* WORK TO BE COMPLETED
Under this line are the records; repeat exactly the lines starting at the one containing "Happy Happy: Collection" and ending at the one containing "Stainly Sofa Cleaner", omitting pictures.

==== EXTRACTED RECORDS

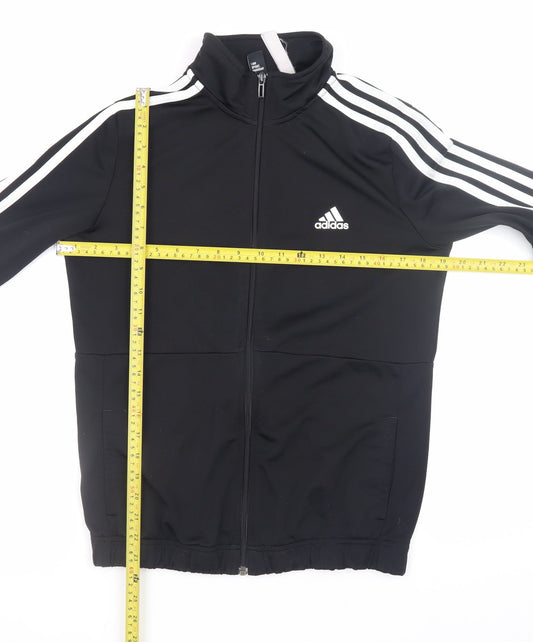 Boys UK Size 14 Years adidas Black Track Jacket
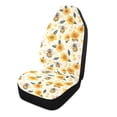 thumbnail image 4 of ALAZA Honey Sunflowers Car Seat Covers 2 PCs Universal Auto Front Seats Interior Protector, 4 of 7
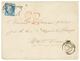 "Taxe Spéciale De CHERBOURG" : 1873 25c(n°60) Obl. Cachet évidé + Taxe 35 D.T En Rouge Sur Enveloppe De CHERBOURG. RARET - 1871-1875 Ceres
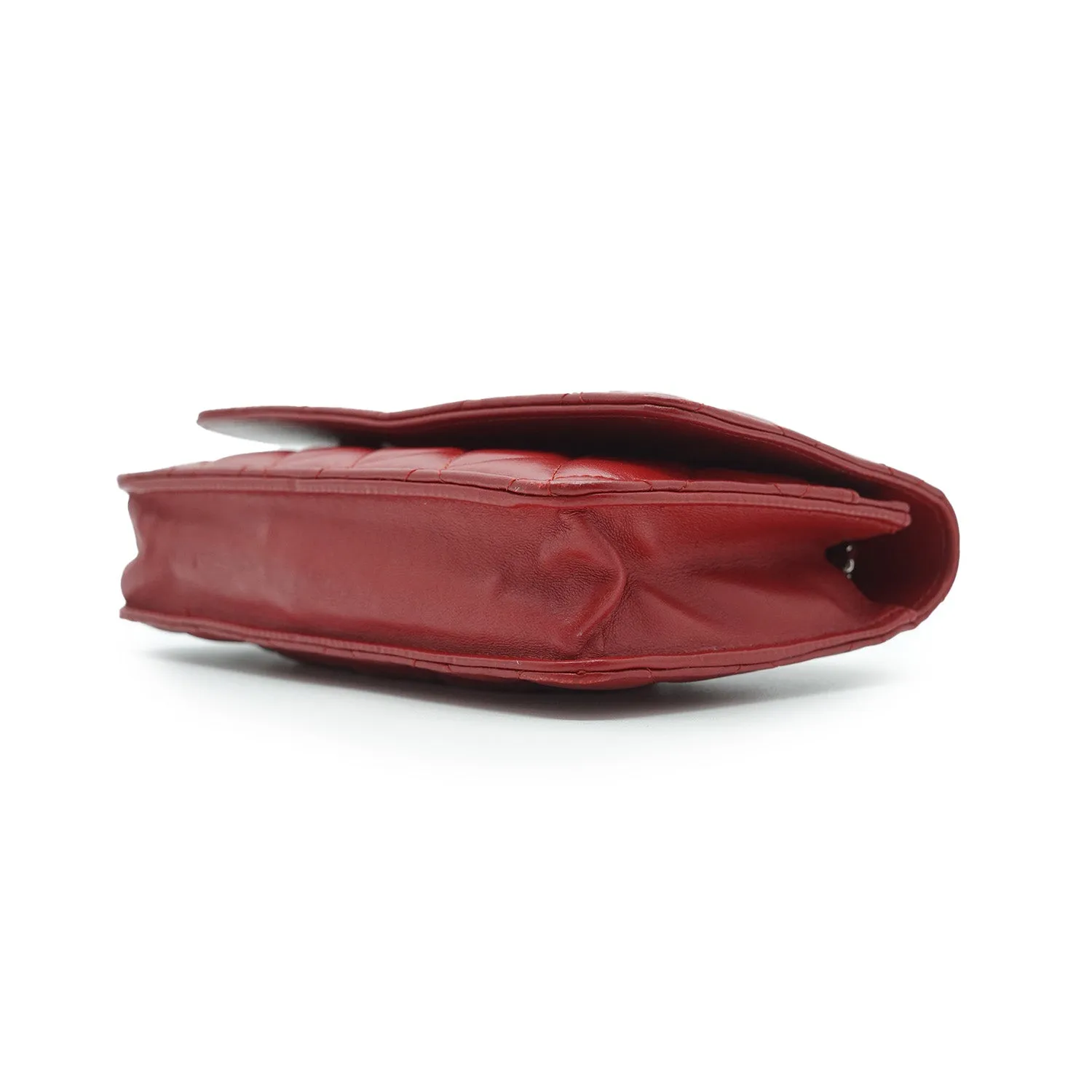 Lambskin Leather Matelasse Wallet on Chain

========
==== EXTRACTED RECORDS

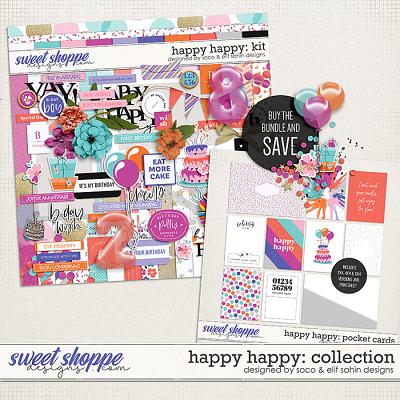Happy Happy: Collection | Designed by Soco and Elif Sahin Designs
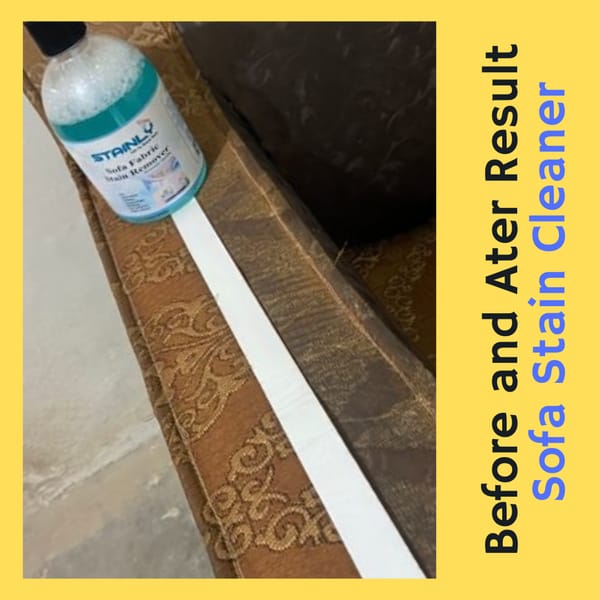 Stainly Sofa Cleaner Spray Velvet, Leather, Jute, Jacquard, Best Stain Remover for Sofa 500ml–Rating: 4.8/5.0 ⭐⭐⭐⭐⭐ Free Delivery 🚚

========

* RESULT OF THIS EXERCISE
Happy Happy: Collection | Designed by Soco and Elif Sahin Designs
 Stainly Sofa Cleaner Spray Velvet, Leather, Jute, Jacquard, Best Stain Remover for Sofa 500ml–Rating: 4.8/5.0 ⭐⭐⭐⭐⭐ Free Delivery 🚚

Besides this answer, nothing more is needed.